It's the holiday season … so much to do and such little time. No wonder it can be stressful for many of us. What do I do to ease the stress – other than the occasional cocktail?
It's easy and it doesn't cost anything. Almost every day, I spend a few minutes in meditation. It calms my nerves and restores inner peace. A lot of people may think they don’t have the strength of focus when meditating, but they do. Sometimes I have difficulty focusing, so if I can do this anyone can. With continued practice, you will see improvements in your ability to maintain focus and stay calm.
One great thing about meditation: You can practice wherever you are. Whether you are out for a walk, riding the bus, waiting at the doctor's office, spending time with your kids or pets, or even in the middle of a difficult business meeting on Zoom, meditation moments are available. No equipment, TVs, laptops, or phones are needed. All that’s required is your presence.
The best benefit I get from meditation is how it focuses my attention and eliminates the stream of jumbled thoughts crowding my mind. It clears my head and gives me the ability to just be in the present. This is helpful for my overall well being, both emotionally and physically.
An ancient practice, meditation was originally meant to help deepen understanding of the sacred and mystical forces of life. Now, meditation is commonly used for relaxation and stress reduction. It is even considered a type of mind/body complementary medicine and has many benefits for daily life. I often find it helpful for these daily stressors and/or needs:
- Gaining a new perspective on stressful situations
- Increase my self-awareness
- Focusing on the present
- Reducing negative emotions
- Increasing imagination and creativity
- Increasing patience and tolerance
While mediation isn't a replacement for traditional medical treatment, it may be a useful addition to other treatment for the following conditions:
High blood pressure
Irritable bowel syndrome
Some types of meditation:
Guided Meditation: Where you form mental images of places or situations you find relaxing
Mantra Meditation: You silently repeat a calming word, thought or phrase to prevent distracting thoughts.
Mindful Meditation: Having an increased awareness and acceptance of living in the present moment. Here you broaden your conscious awareness. You focus on what you experience during meditation, such as the flow of your breath. You can observe your thoughts and emotions. But let them pass without judgement.

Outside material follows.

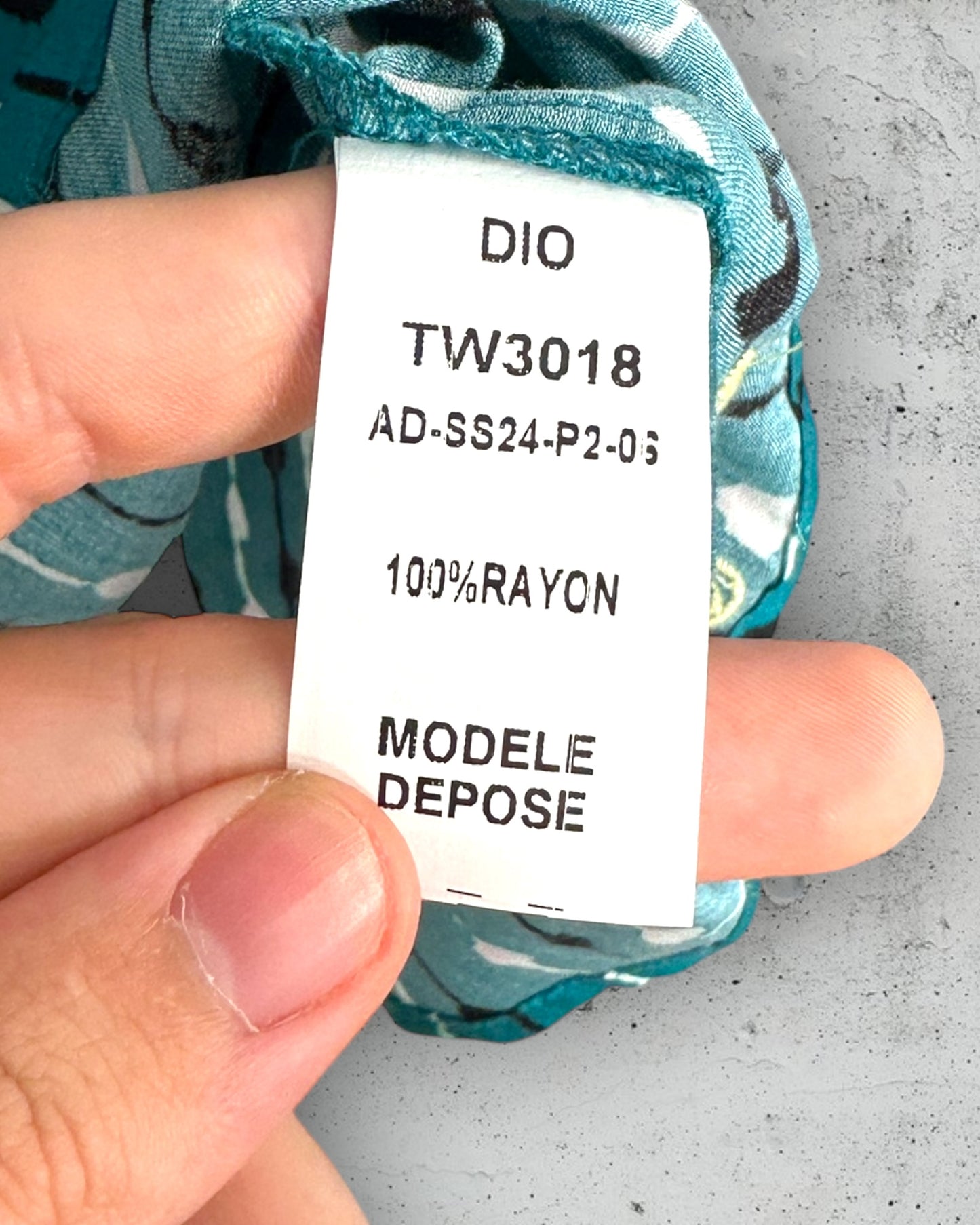 Blouse Adore "Dio" (S / M / 36 / 8 - 38 / 10)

Qi Gong: This practice generally combines meditation, relaxation, physical movement and breathing exercises to restore and maintain balance.
Tai Chi: This is a form of gentle Chinese martial arts. It involves deep breathing, postures, and graceful movements.

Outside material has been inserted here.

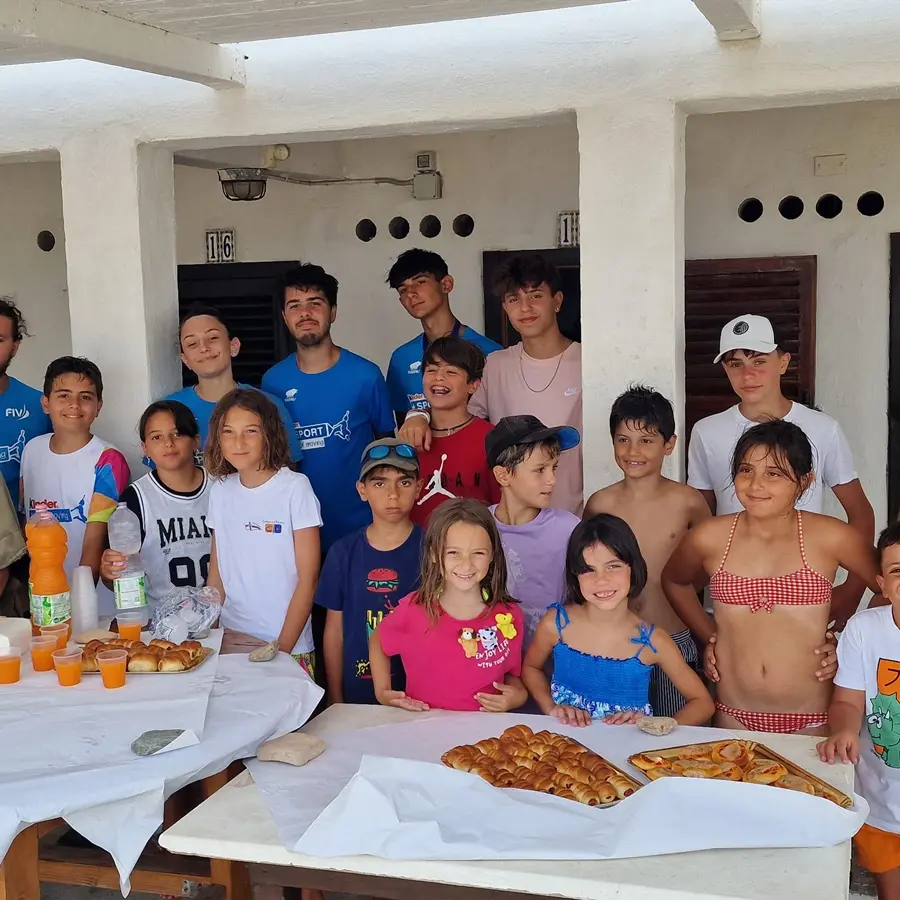 42° Corso al Circolo velico Reggio: la vela: una scuola di vita e di mare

Transcendental Meditation: This is a simple, natural technique. You silently repeat a personally assigned mantra in a specific way.
Yoga: Most people know what this involves. You definitely have to exert more energy here, which has multiple benefits of stress reduction and exercise!
It’s OK to mix meditation techniques to find the method(s) that work for you. I combine yoga and mantra meditation for my own personal mix. It takes me 10 to 15 minutes. I find a nice quiet place, like my closet (where no one can find me). Before starting, I apply Starling’s Sleep Balm on my temples and hands and under my nose. I breathe in the amazing and calming scent and then I stare out the window, sit legs crossed, and I listen to my breathing, repeating a phrase or word that sounds nice to me. Sometimes I may have stray thoughts that come to mind while I am in the midst of a session. When that happens, I focus on my breathing. That always clears my head.